What does your tuition pay for?

Four UO students are working to help determine the cost of education for the whole student body. As members of the Tuition and Fees Advisory Board, these UO students provided their perspective on how tuition and fees should increase or decrease.

“The idea was to have a comprehensive holistic group that could provide different perspectives so that when the president and provost make recommendations to the board, they have the benefit of having an advisory group that has really thought about these issues and discussed them,” co-chair and Vice President for Finance and Administration Jamie Moffitt said about the formation of the board.

The president and provost then present their decisions to the Board of Trustees in March.

James Kress, a graduate student on the board, has learned a lot by working with the school’s budget.

“Understanding exactly how things are broken down is really the most important,” Kress said. “Because I’d never seen the breakdown before of how much money goes to wages and salary, how much has to go to health benefits, so it’s a huge game of chess.”

As an undergraduate at Boise State University, Kress was annoyed at the costs of being a student.

“I don’t think I understood the breadth of what it takes to run the university,” Kress said. “I knew there had to be costs, but seeing them broken out and how much they really are is interesting to see.” Like Kress, many undergraduates may not know or understand what their tuition and fees go towards.

“When students are paying tuition, that’s going into what’s called our education and general fund,” Moffitt said. “Those are the funds that are generally used to fund the schools and colleges, the academic programs, the administrative units that need to support the schools and colleges and then a lot of the institutional expenses.” These expenses include utility bills, leases, debt payments, salaries and other costs.

Fees, on the other hand, have specific purposes. For example, the student recreation center fee and the health fee go specifically toward the operation of those facilities on campus.

Since 2004, full-time tuition at the UO has risen from $5,570 to $9,918 in 2014. According to Moffitt, while the actual cost of delivering an education has gone up, this dramatic rise is primarily due to diminished state support.

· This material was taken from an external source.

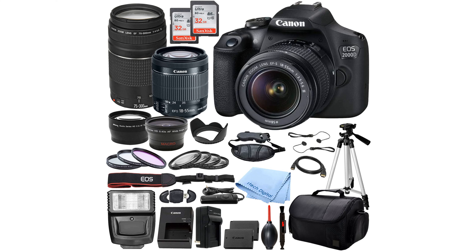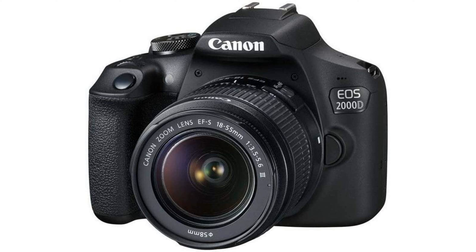The Canon 2000D Rebel T7 bundle is a versatile DSLR camera that comes with two lenses, namely the EF-S 18-55mm DC3 and the 75-300mm III, making it suitable for a wide range of photography needs. This renewed product has been professionally inspected and tested to ensure it works and looks like new, offering great value for budget-conscious buyers.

As tuition steadily increases, the budget also accommodates for that increase by increasing the budget for financial aid. According to co-chair and Vice Provost for Budget and Planning Brad Shelton, financial aid comes from multiple sources, including the general fund. Another aspect of the budget that helps education remain affordable is required approval from the Higher Education Coordinating Commission for proposed increases in undergraduate resident tuition higher than five percent.

“So our board would not have authority on its own to set a tuition increase just for resident undergraduate students that is more than five percent, without the HECC approving it,” Moffitt said. No such restriction exists for changes in out-of-state student tuition.

Once the recommendation is made, Moffitt said that students have a chance to participate in a forum held by the provost.

“Basically that’s a point in time for the provost to be able to share what the recommendations are talk to students about it and get feedback,” Moffitt said.